The evolution of Microsoft Threat Protection, June update
Presently, efficient and effective response to identity threats is crucial, and Microsoft Threat Protection is built on the industry’s most widely used and comprehensive identity security service. As more organizations adopt hybrid environments, data is spread across multiple applications, is on-premises and in the cloud, and is accessed by multiple devices (often personal devices) and users. Most organizations no longer have a defined network perimeter, making traditional security tools obsolete. Identity is the control plane that is consistent across all elements of the modern organization.
At RSA, we announced a new unified Identity Threat Investigation experience between Azure Active Directory (Azure AD) Identity Protection, Azure Advanced Threat Protection (ATP), and Microsoft Cloud App Security. This experience will go into public preview this month.

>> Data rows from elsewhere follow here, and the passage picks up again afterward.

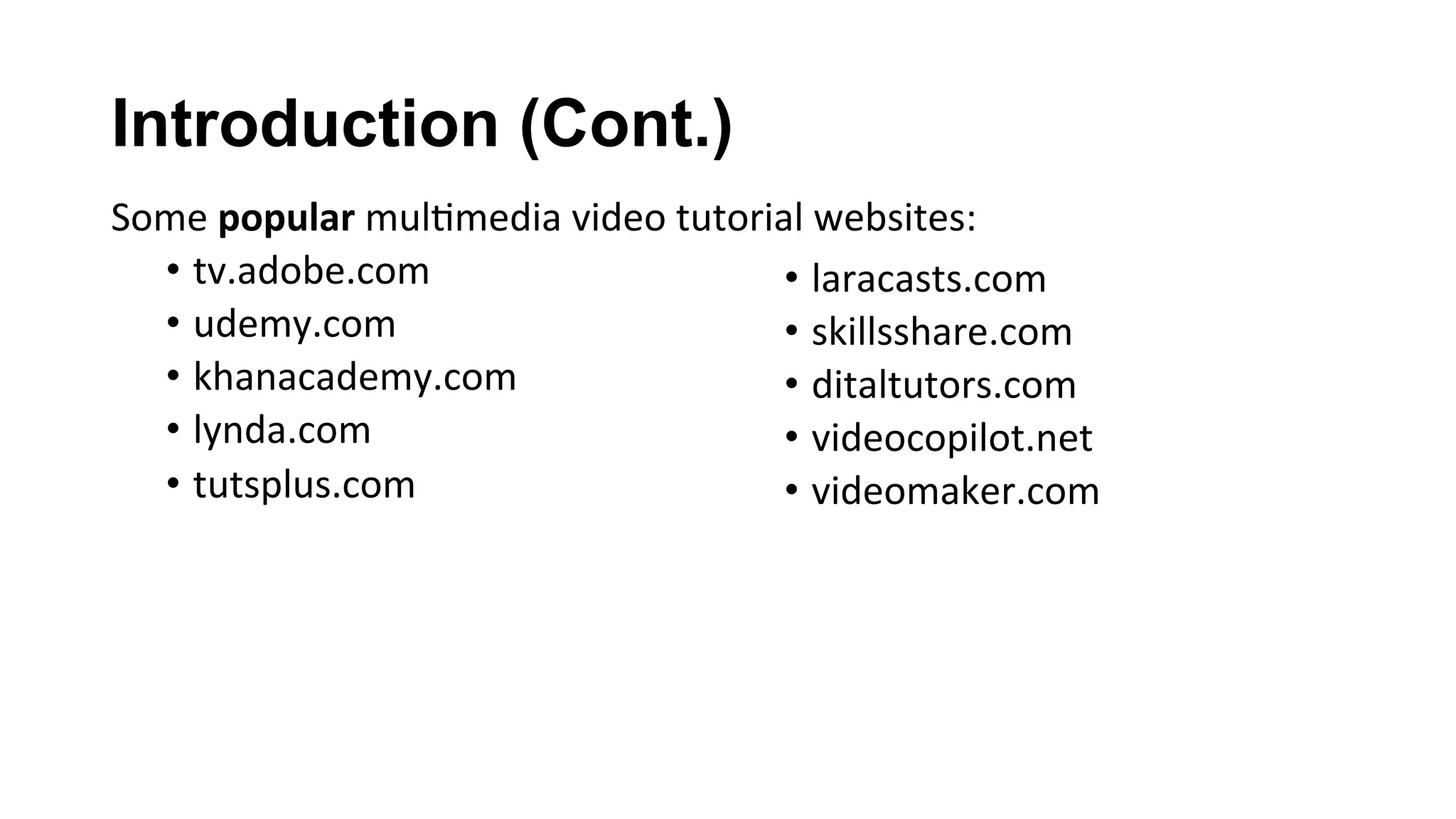 Introduction (Cont.)
Some	popular	mul(media	video	tutorial	websites:	
•  tv.adobe.com	
•  udemy.com	
•  khanacademy.com	
•  lynda.com	
•  tutsplus.com	
•  laracasts.com	
•  skillsshare.com	
•  ditaltutors.com	
•  videocopilot.net	
•  videomaker.com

Part of the new experience is enabled through Azure AD’s new integration with Azure ATP. Also, integration between Azure AD and Microsoft Cloud App Security enables continuous monitoring of user behavior from sign-in through the entire session. Microsoft Threat Protection’s identity services leverage user behavior analytics to create a dynamic investigation priority score (Figure 1) based off signal from Azure AD, Microsoft Cloud App Security, and Azure ATP. The investigation priority is calculated by assessing security alerts, abnormal activities, and potential business and asset impact related to each user. This score can help Security Operations (SecOps) teams focus and respond to the top user threats in the organization.